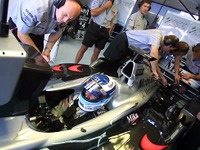 ハッキネンはやはり引退か---後任はBARホンダから? 画像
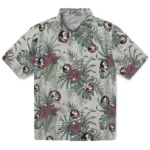 Florida State Seminoles Hawaiian Shirt – Hibiscus Designs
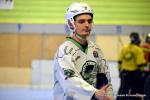 Photo hockey reportage CDF Roller : Les Bombardiers abattus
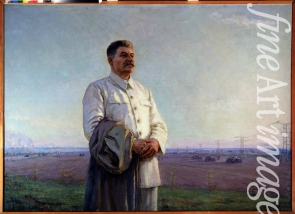 Schurpin Fjodor Sawwitsch - Der Morgen unseres Landes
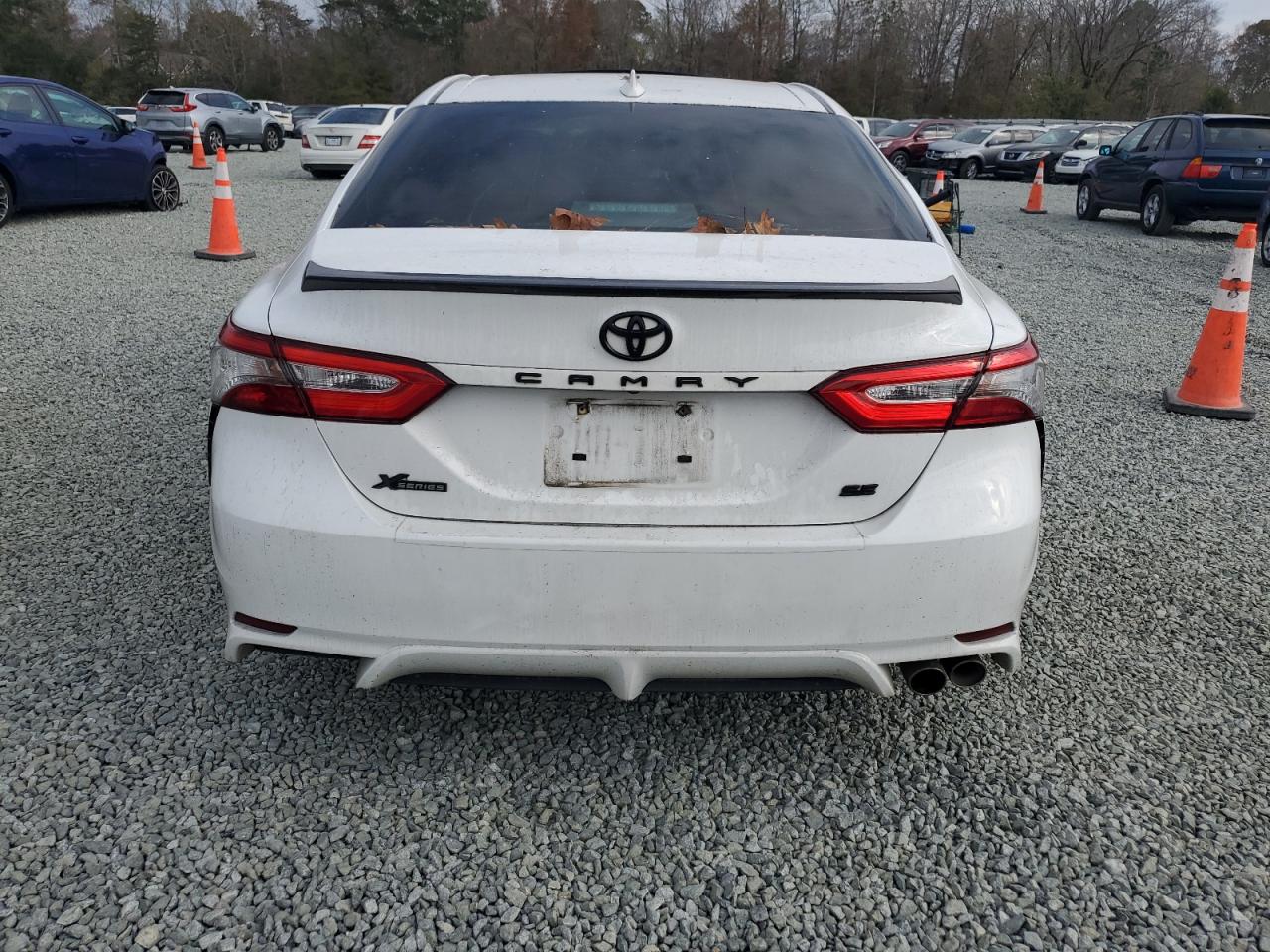 VIN 4T1B11HK1KU226539 2019 TOYOTA CAMRY no.6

• _Exercise goal_
Copy the records above exactly, leaving out every picture.

• _The answer_
 ハッキネンはやはり引退か---後任はBARホンダから? 画像
 Florida State Seminoles Hawaiian Shirt – Hibiscus Designs
 Photo hockey reportage CDF Roller : Les Bombardiers abattus
 Schurpin Fjodor Sawwitsch - Der Morgen unseres Landes
 VIN 4T1B11HK1KU226539 2019 TOYOTA CAMRY no.6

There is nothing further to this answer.